À partir de maintenant, les pires ennemis des libéraux sont l'arrogance, le triomphalisme et les gaffes de campagne, qui, comme on le sait, sont parfaitement imprévisibles.

Ceux qui trouvaient la campagne déjà trop pépère risquent de rager encore plus parce que Jean Charest n'a aucun avantage, avec de tels chiffres, à trop forcer le jeu.

Ses deux rivaux, par contre, vont devoir ouvrir la machine.

Pour Mario Dumont, la cause est presque désespérée, ce qui est toujours risqué. On veut trop en faire, on attaque trop et, bien souvent, on trébuche. Au moins une chose est claire pour Mario Dumont : il peut oublier le pouvoir et se concentrer maintenant à sauver un maximum de sièges. Pour le reste, il doit miser sur le débat des chefs, un exercice que l'a bien servi la dernière fois.

C'est plus compliqué pour Pauline Marois. La campagne est encore jeune, et elle peut encore espérer prendre le pouvoir.

Ce début de campagne, toutefois, est décevant pour les péquistes, qui ont perdu des points au lieu d'en arracher aux libéraux malgré une bonne performance de leur chef. Les accrochages de la semaine dernière et les attaques nourries de MM. Charest et Dumont ont fait mal à la chef du PQ.

Il semble bien que les libéraux ne s'écrouleront pas, même si les électeurs sont opposés à ces élections. Au contraire, ils ont repris le terrain perdu.

Pauline Marois devra provoquer quelque chose elle aussi. Ne vous étonnez donc pas trop si le thème de l'identité québécoise revient sur le tapis avant longtemps.

Des nouvelles de Winnipeg

Un congrès, normalement, c'est l'occasion rêvée pour un parti politique de projeter dans l'opinion publique une image d'unité, de détermination, de force.

Les conservateurs, eux, ont plutôt choisi de se servir de leur premier congrès en trois ans, leur premier depuis qu'ils sont au pouvoir, pour afficher leur paranoïa galopante et leur manque de transparence.

Les délibérations des militants réunis en atelier hier se sont donc déroulées à huis clos.

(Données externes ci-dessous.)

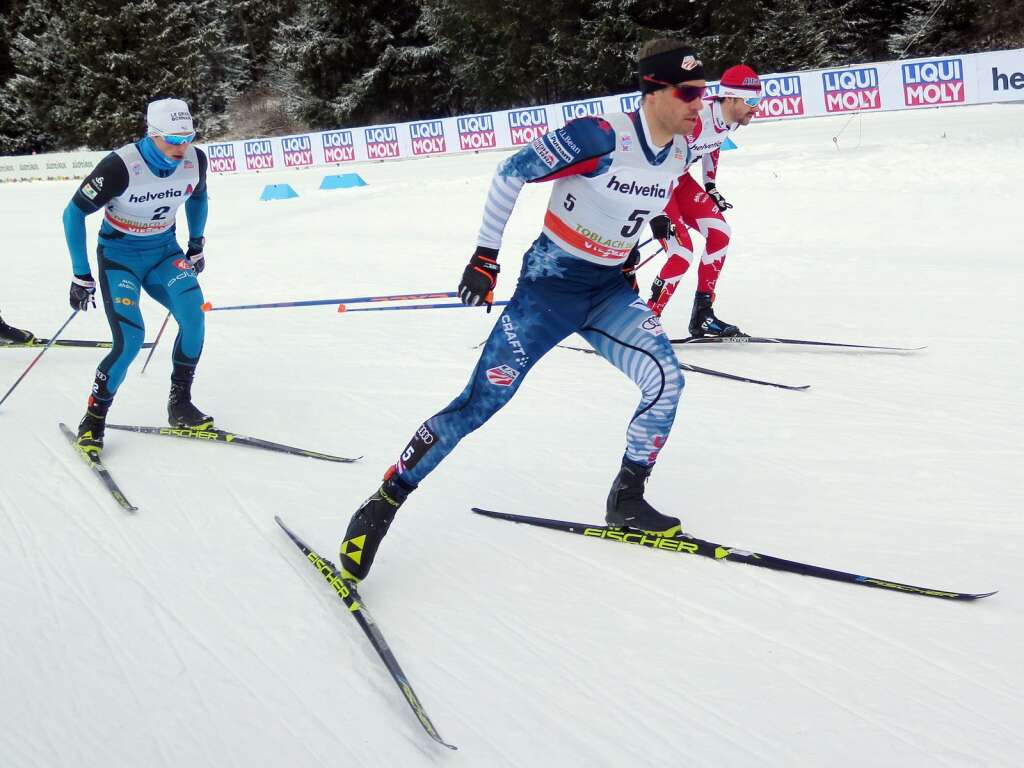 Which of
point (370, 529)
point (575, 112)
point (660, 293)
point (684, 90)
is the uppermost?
point (684, 90)

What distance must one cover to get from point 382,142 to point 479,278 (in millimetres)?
19984

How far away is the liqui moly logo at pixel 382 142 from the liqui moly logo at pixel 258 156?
2.67m

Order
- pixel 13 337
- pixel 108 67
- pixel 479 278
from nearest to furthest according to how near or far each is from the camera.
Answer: pixel 479 278 < pixel 13 337 < pixel 108 67

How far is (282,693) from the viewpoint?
291 centimetres

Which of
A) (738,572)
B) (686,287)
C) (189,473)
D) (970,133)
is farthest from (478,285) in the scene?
(970,133)

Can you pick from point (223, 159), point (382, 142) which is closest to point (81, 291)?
Result: point (382, 142)

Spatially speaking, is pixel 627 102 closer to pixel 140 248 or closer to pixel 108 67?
pixel 140 248

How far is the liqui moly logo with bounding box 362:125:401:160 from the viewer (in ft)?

Les journalistes n'avaient même pas accès aux corridors qui longent les salles du Centre des congrès de Winnipeg. Un peu partout, on voit des panneaux jaunes qui disent : «No media access.»

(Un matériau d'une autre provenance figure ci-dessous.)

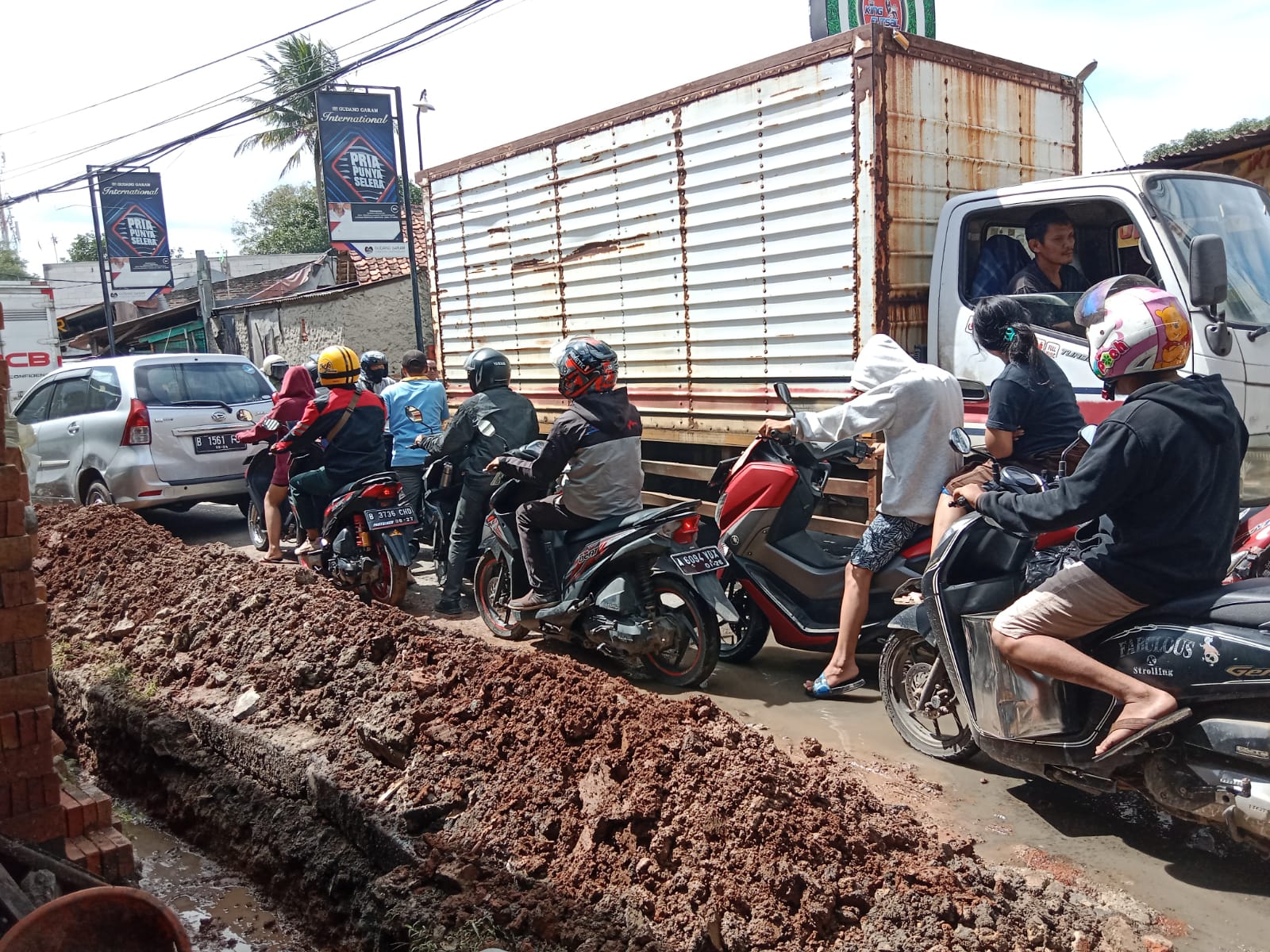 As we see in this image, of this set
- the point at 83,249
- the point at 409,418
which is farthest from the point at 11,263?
the point at 409,418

En fait, les vilains médias sont confinés dans le coin le plus excentré du grand immeuble, contraints de faire de grands détours pour se rendre du point A au point B. Et réduits à attendre que des délégués sortent et veuillent bien leur parler de ce qui se passe derrière les portes closes.

Même les députés des autres partis, observateurs au congrès (une pratique courante dans tous les congrès), se sont vu interdire l'accès. Des bénévoles du Parti conservateur sont postés aux entrées et scannent le code barre des accréditations pour savoir qui peut entrer ou non. Pour les journalistes, c'est plus simple : on nous a donné des cartes jaunes, faciles à reconnaître. Jaune = dehors !

Les délégués du Québec, surtout les députés, ont critiqué en privé ces excès de zèle de leur parti. La députée Sylvie Boucher a même tenté, en vain, d'intervenir pour que puissent entrer les députés des autres partis.

Même Preston Manning, ancien chef du Reform Party, s'est vu interdire l'entrée parce qu'il n'avait pas de carte d'accréditation accrochée au cou.

Stratégiquement, c'est un drôle de choix que de miser sur le secret. D'autant plus que ce congrès, selon les informations arrachées à la pièce, a permis aux conservateurs d'adoucir un peu le programme du parti, de le ramener encore un peu au centre.

Comme l'a si bien expliqué Stephen Harper en point de presse : «Les organisateurs du congrès ont pris des décisions dans le meilleur intérêt du parti.»